Copy word for word the line containing "Renault Clio III" together with all lines following it to the end of the listing below, without the pictures.
⟨
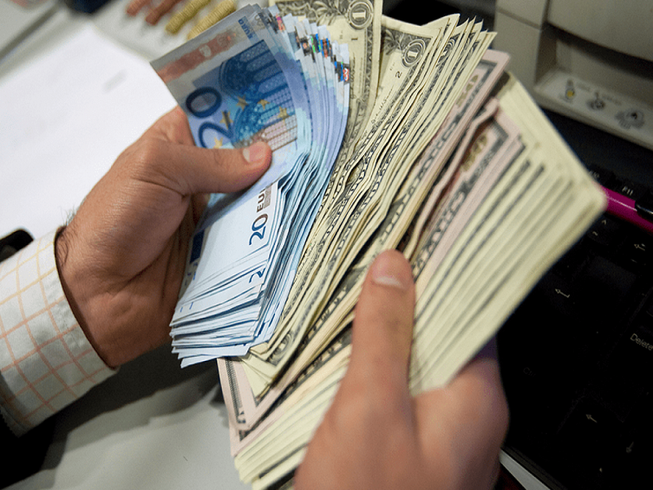 Giá vàng lao dốc, USD lặng im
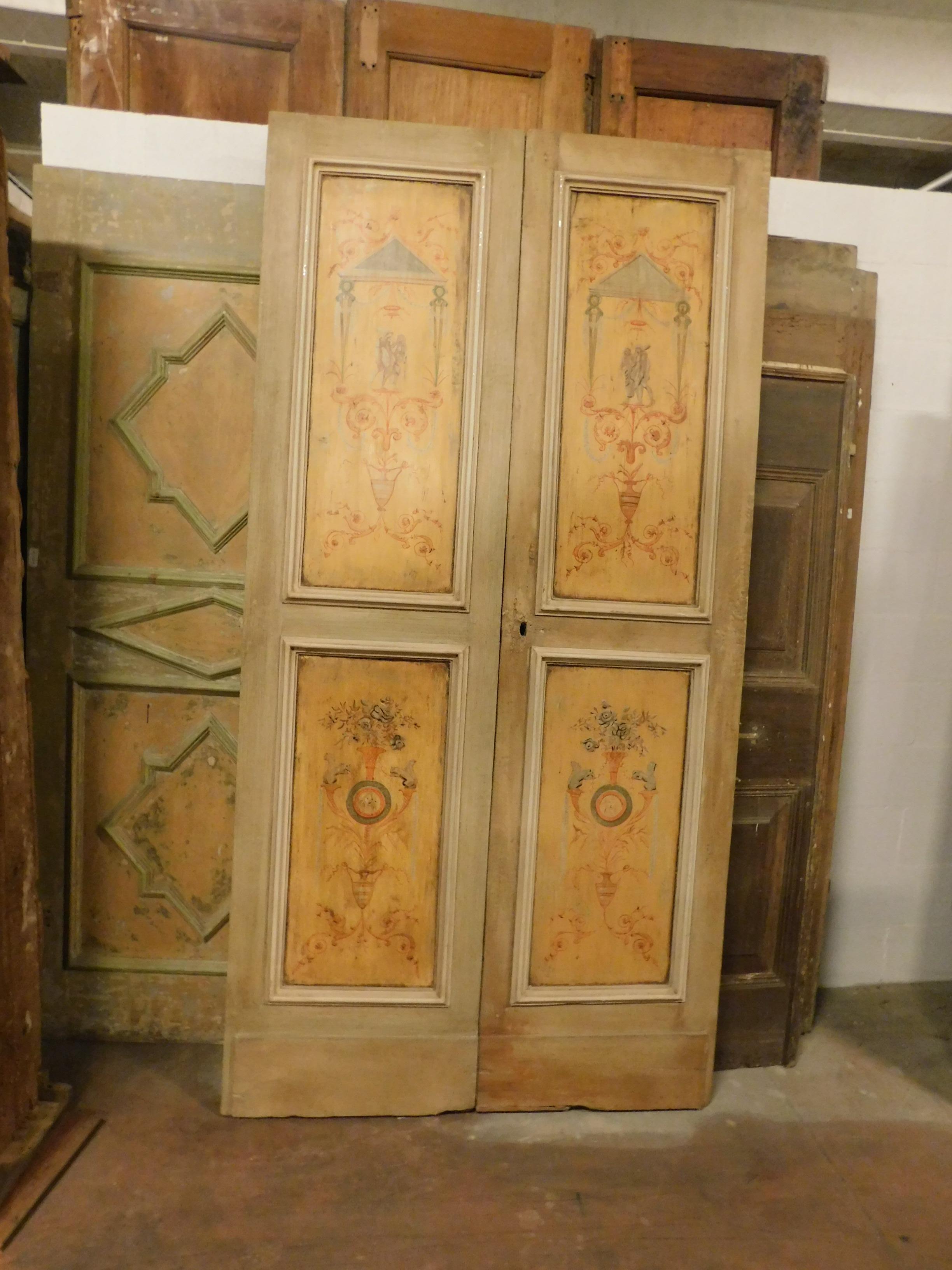italien Porte double en bois jaune beige antique avec peintures, 700 Italie en vente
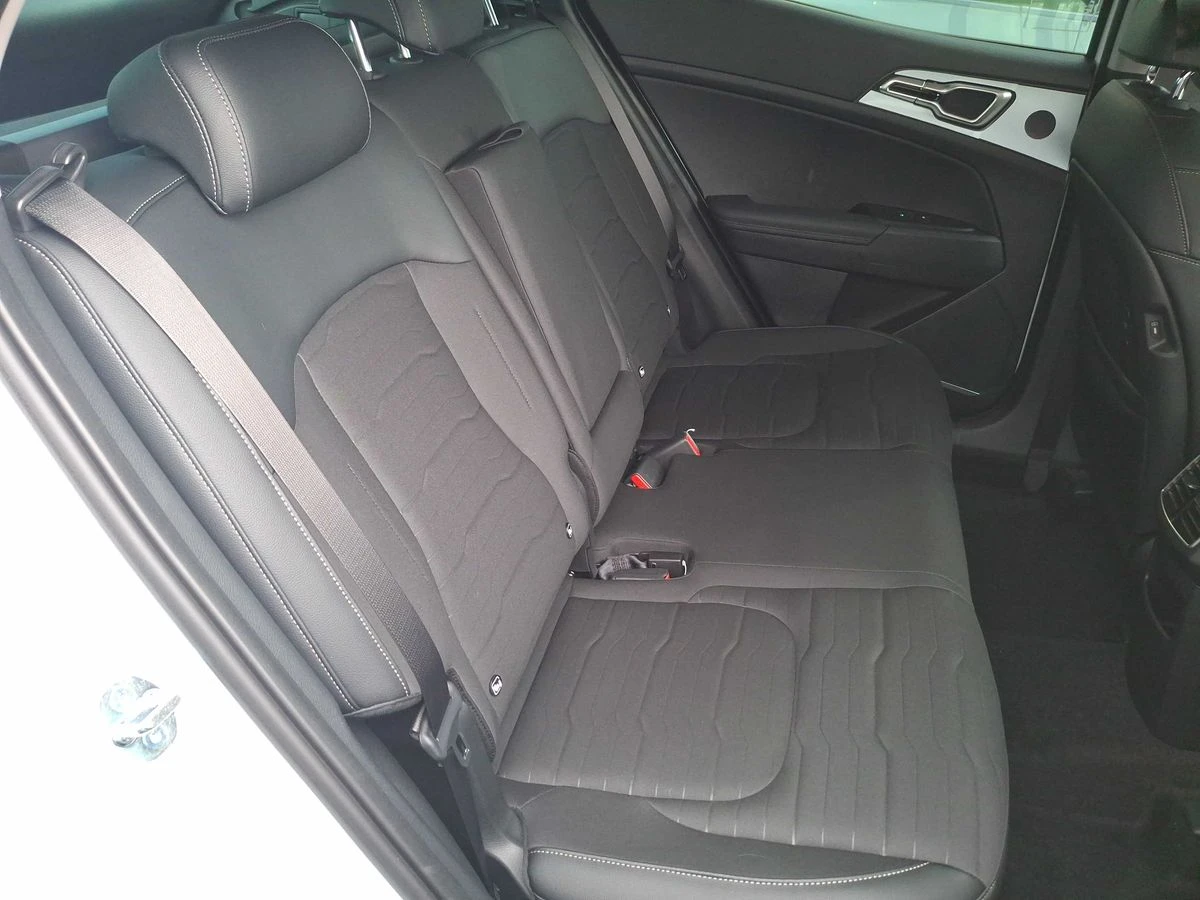 Kia Sportage 1.6 CRDi Mild-Hybrid Spirit, снимка 10 - Автомобили и джипове - 55708418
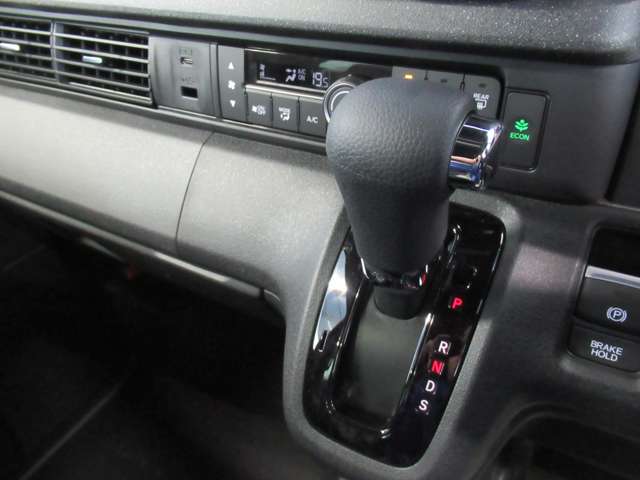 ホンダ Ｎ　ＢＯＸ カスタム ６６０ R6年 (東北) 99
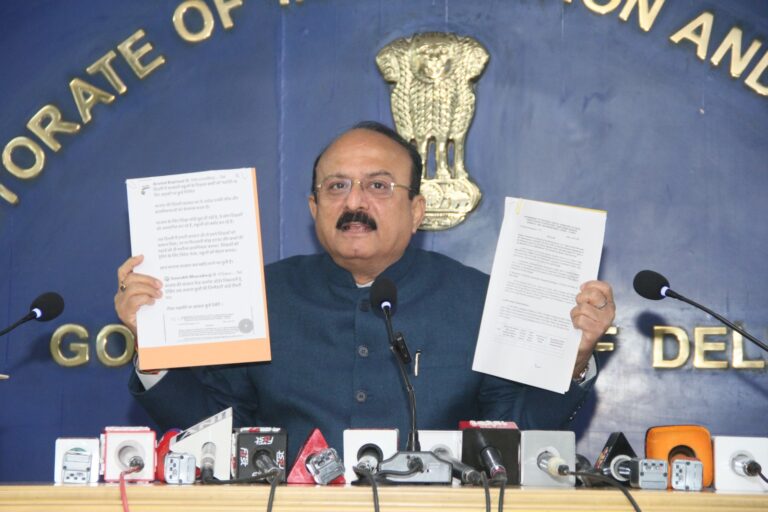 दिल्ली में आवारा कुत्तों की समस्या पर सियासी संग्राम, फेक न्यूज फैलाने पर मुकदमे की चेतावनी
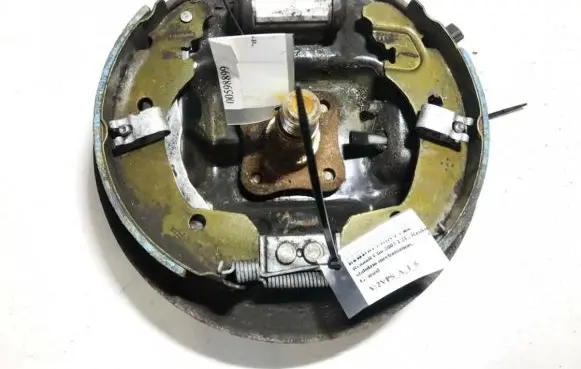 Renault Clio III Handbrake/parking brake pads 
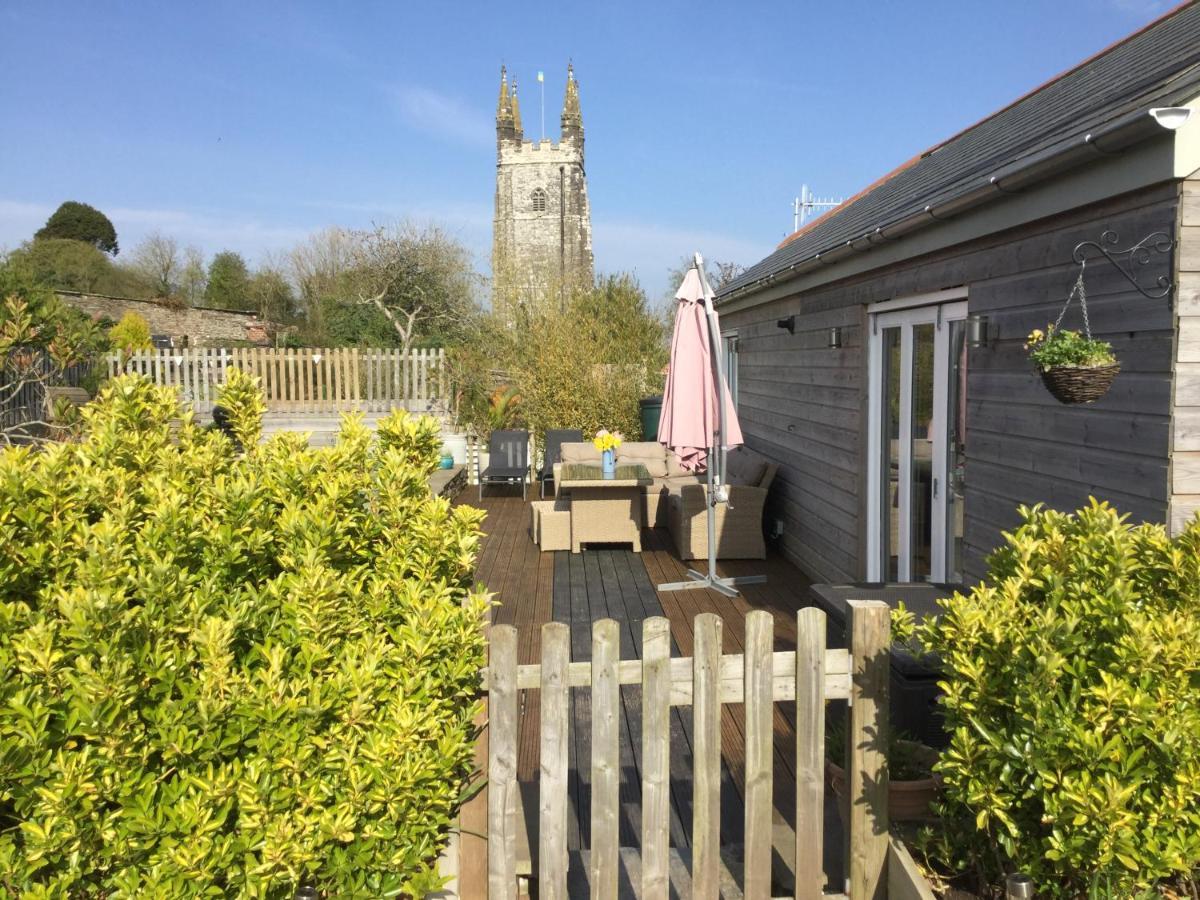 Holiday home Horsemans Barn *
⟩
#### Answer to this task:
 Renault Clio III Handbrake/parking brake pads 
 Holiday home Horsemans Barn *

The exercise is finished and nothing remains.